One of the sub-claims of gender’s impact on levels of corruption stems from the idea that when more women are introduced within the government structure, the corruption level tends to subside. But this understanding of corruption is invalidated by the mere fact that due to the male dominated nature of networks, women are not able to indulge in corruption themselves, but can easily be involved with the process through a male intermediary. Social custom, not a lack of intent, plays a more prominent role in this matter. This is quite evident right now with regard to the current government and its ongoing tussle with the World Bank after the Padma Shetu fallout.
It is worth noting that countries that have a high level of female participation suffer from less corruption not necessarily due to the presence of women, but due to the transparency of liberal societies. If socio-economic prosperity tends to correlate with more participation of women within the government this does not necessarily imply that women are the mitigating factor for corruption. Nor is the issue strictly and economic one either, since countries with economic wealth are not immune to corruption. Rather, it is a socioeconomic issue where both culture and economic status play a symbiotic role in deciding a society’s willingness to accept corruption as a norm. So, giving out the Premier’s phone number may be relevant in asking her out for Iftar at your house, but does not help fight corruption or societal acceptance of it.
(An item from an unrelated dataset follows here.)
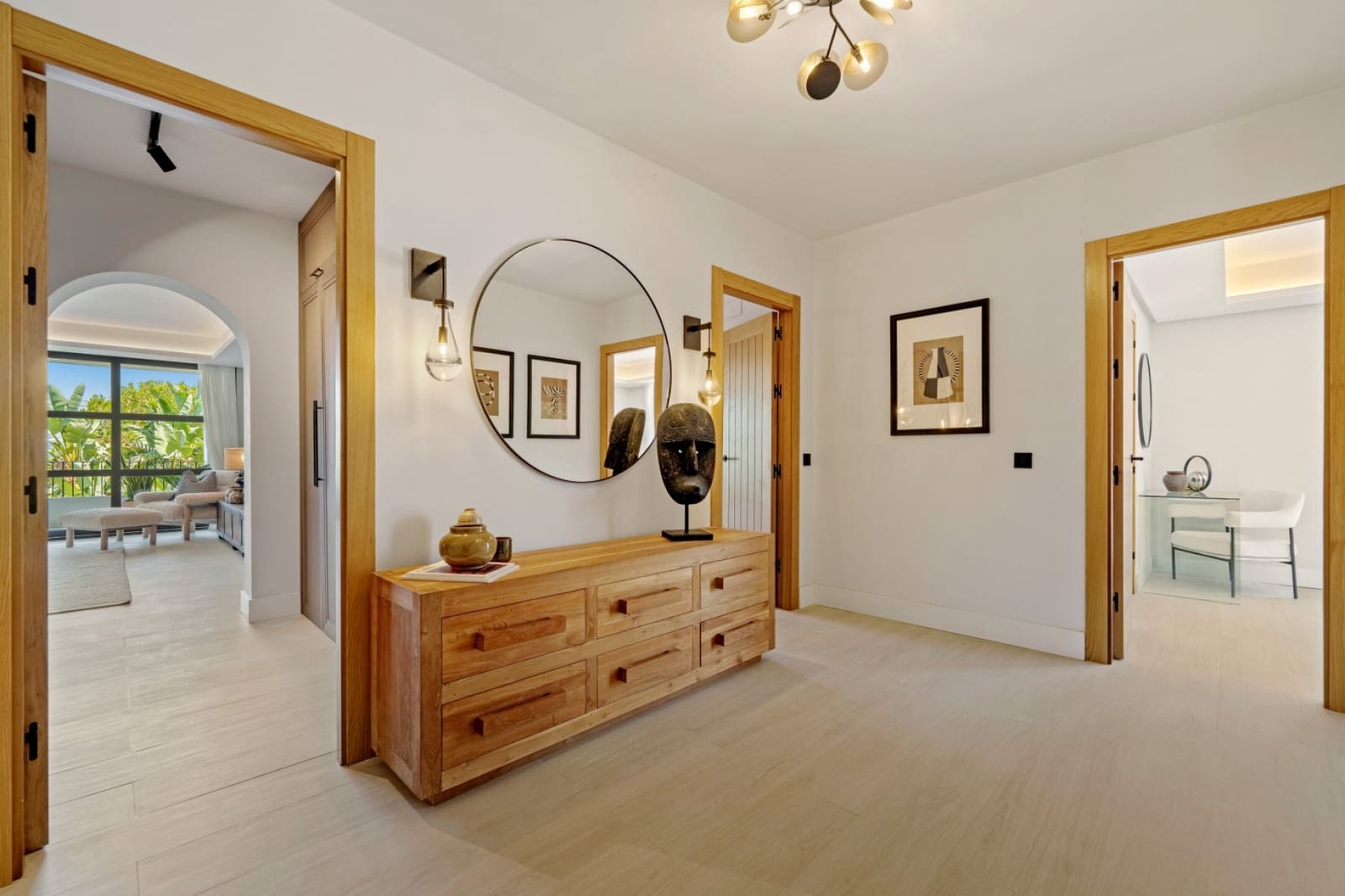 6 sypialnia Willa na sprzedaż w Marbella z basenem garażem - 11 950 000 € (Ref: 9344351)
So we might as well settle in for the long haul and focus on liberalizing the structure where gender plays no prominent role in the progress of development and poverty alleviation but is an incidental attribute. It does not matter if you are a woman or a man of Bangladeshi identity, it matters what that Bangladeshi identity stands for. So let us avoid the pitfalls of adopting untested and misleading faith-based ideas and focus on a more rational approach which acknowledges that we have a less than transparent system of governance and introducing women as a counter-measure will fall flat on its face if the other more important issues are not addressed.
Jyoti Omi Chowdhury is a War Theorist and a Visiting Researcher at Center for Sustainable Development.